This week, several retail giants including Walmart and Home Depot would release their earnings. The earnings are coming at a time when recession fears are heightened while the consumer confidence index is at a multi-month low.

Target, TJX Companies, Bath & Body Works, and Ross Stores would also release their quarterly earnings this week and we’ll get the retail sales data for April. The metric fell 1% in March but is expected to have risen by 0.8% in April.

US consumer confidence index fell in May

US consumer confidence index fell to 57.7 in May – as compared to 63.5 in April. The data point came in sharply below estimates as recession and debt ceiling fears took a toll on consumer sentiments.

Survey director Joanne Hsu said, “While current incoming macroeconomic data show no sign of recession, consumers’ worries about the economy escalated in May alongside the proliferation of negative news about the economy, including the debt crisis standoff.”

Hsu added, “But with the job market remaining strong and incomes rising, albeit faced with inflation, consumers have maintained their spending habits.”

What to expect from retail earnings this week?

talking of retail earnings, analysts expect Walmart’s same-store sales to rise by 5.4% in the quarter. Jefferies analyst Corey Tarlowe said in a note “As we head into earnings, we believe WMT is one of the best positioned in our coverage and our data checks support our view.”

The brokerage expects Walmart’s comp sales to rise by 6.8% in the quarter which is above the consensus estimates.

Walmart reported better-than-expected revenues and profits in the previous quarter. However, it spooked markets with its fiscal year 2024 guidance and forecast sales growth between 2.5%-3% and EPS between $5.90-$6.05 which fell short of estimates

Walmart’s CFO John David Rainey said, There’s still a lot of trepidation and uncertainty with the economic outlook. Balance sheets are continuing to get thinner, savings rate is roughly half of what it was at a pre-pandemic level and we’ve not been in a situation like this where the Fed is raising at the rate that it does.”

Jefferies expects Walmart to outperform

Tarlowe is meanwhile bullish on Walmart ahead of retail earnings and raised the company’s earnings estimates.

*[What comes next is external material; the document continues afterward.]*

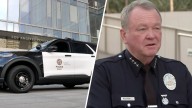 LA City Council approves partial funding needed to hire more LAPD officers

“We believe WMT’s initiatives (automation, advertising, Walmart+, etc) are helping to build an attractive and growing flywheel, and we are becoming more positive on WMT’s growth and profitability prospects ahead,” said Tarlowe in his note.

Jefferies is however “incrementally cautious” on Target and said, “According to our data, we are modeling TGT Q1 comps down 1% led by lower traffic.”

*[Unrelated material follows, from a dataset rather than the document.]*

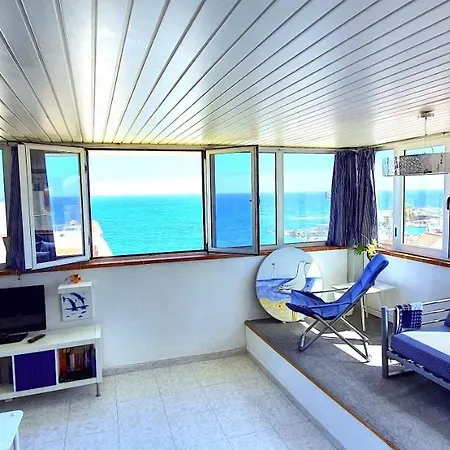 Apartament Puerto San Telmo Puerto de la Cruz (Tenerife)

Home Depot was also circumspect about its outlook

Home Depot would be the first major retail earnings this week. The company saw a sales boom amid the pandemic as people spent heavily on home improvement. Now, as consumer behavior has reverted to pre-pandemic levels and outdoor spending has rebounded, companies like Home Depot are battling with slowing growth.

In the previous quarter, Home Depot’s sales rose only 0.3% YoY and trailed analysts’ estimates.

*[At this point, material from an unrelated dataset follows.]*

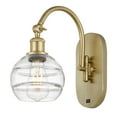 thumbnail image 6 of Innovations Lighting - Rochester - 1 Light Arm Swivels Side to Side Wall Sconce, 6 of 7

Notably, retail stocks fell after Walmart and Home Depot reported their earnings in the previous quarter.

Home Depot CFO Richard McPhail warned “So we work from kind of a fundamental assumption that consumer spending will be flat. We know that our market has seen a gradual shift that reflects the broader shift in the economy, in consumer spending from goods to services.”

Telsey Advisory Group analyst Joseph Feldman who has an outperform rating on Home Depot said, the company is “lapping difficult comparisons from the past three years fueled by heightened home-related spending as a result of the pandemic and government stimulus.”

Morgan Stanley likes Ross Stores heading into the earnings season

Morgan Stanley meanwhile likes Ross Stores heading into the earnings season. In his report, Morgan Stanley analyst Alex Straton said, “We see ample opportunity for ongoing positive EPS revisions to drive the stock higher, making it a particularly attractive opportunity in the Off-Price sub-sector. Given this dynamic, ROST has arguably become our preferred Off-Price name heading into the 1Q prints.”

Amazon warned of retail spending slowdown

Notably, the slowdown in retail spending has also hit Amazon which reported revenues of $127.4 billion in the first quarter of 2023 – up 9% YoY.

Looking at the different business segments, the company’s North America segment posted revenues of $76.9 billion – up 11% as compared to the corresponding quarter last year. Its international segment’s sales however rose only 1% to $29.1 billion.

Amazon CFO Brian Olsavsky said during the Q1 2023 earnings call, “The uncertain economic environment and ongoing inflationary pressures continue to be a factor and we believe, is continuing to drive cautious spending across consumers.”

He added, “This means our customers are looking to stretch their budgets further, and are focused on value.”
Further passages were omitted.